The Indian residential real estate market has not been doing well for some time now. According to the Reserve Bank of India’s House Price Index (RBI HPI) the average annual growth rate for FY 2020-21 was 1.93% as compared to 23.75% in FY 2011-12 when the index started. The index tracks home prices in 10 Indian cities; Mumbai, Delhi, Chennai, Kolkata, Bengaluru, Ahmedabad, Lucknow, Kanpur, Kochi, and Jaipur.
As can be seen from the graph above, the HPI index has consistently been trending downward except in 2014-15 where a slight recovery can be seen before falling again. As per data released by RBI, in Q4 2020-21, the HPI declined for Delhi, Bengaluru, Kolkata and Jaipur while increasing for the other 6 cities.
The number of houses sold in the Q4 2020-21 was 5% lower as compared to the same period last year and prices per square foot increased by a national average of 3%. The COVID 19 pandemic has further worsened the condition of the residential real estate market.
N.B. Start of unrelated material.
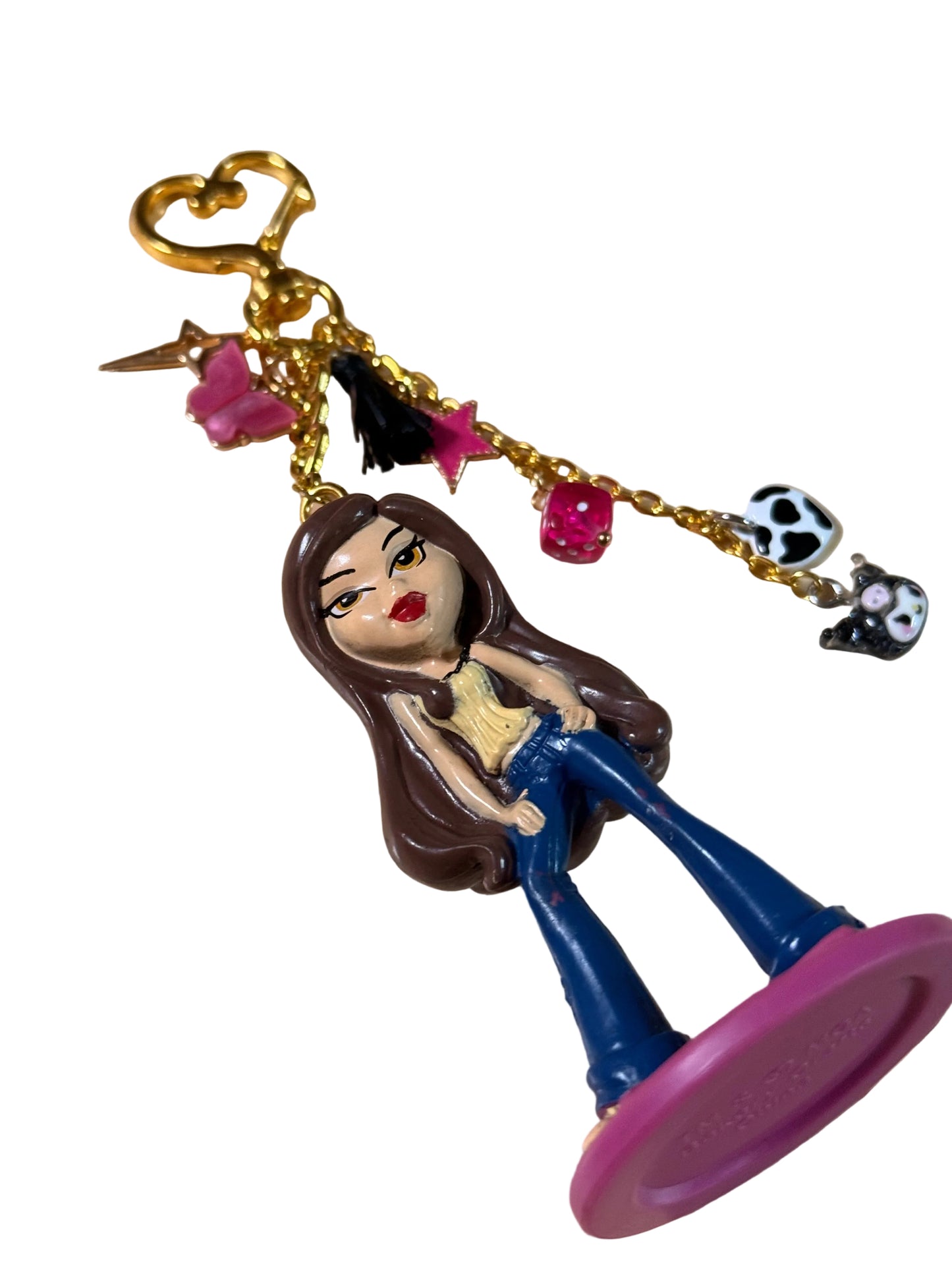 Itsy Bitsy Bratz bag charms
This was due to work from home policies being implemented during which many individuals went back to their hometowns and still have not fully relocated back due to continued work from home thereby reducing the overall demand for renting and applicable rent rates.
Additionally, due to lockdowns, construction was immediately halted and large numbers of labourers migrated back home due to loss of work and were unwilling to come back once the lockdowns were lifted due to fear of the virus. This caused lengthy delays in residential projects among others making residential real estate a less desirable investment.
Furthermore, investing in a house provides low levels of liquidity and during a time such as the COVID pandemic individuals are losing interest in illiquid investments. They are focusing more towards liquid assets as can be seen by the increase in the number of demat accounts opened in FY 21; 14.2 million demat accounts were opened (with 1.9 million in March 2021 itself) as opposed to 4.9 million in FY 20.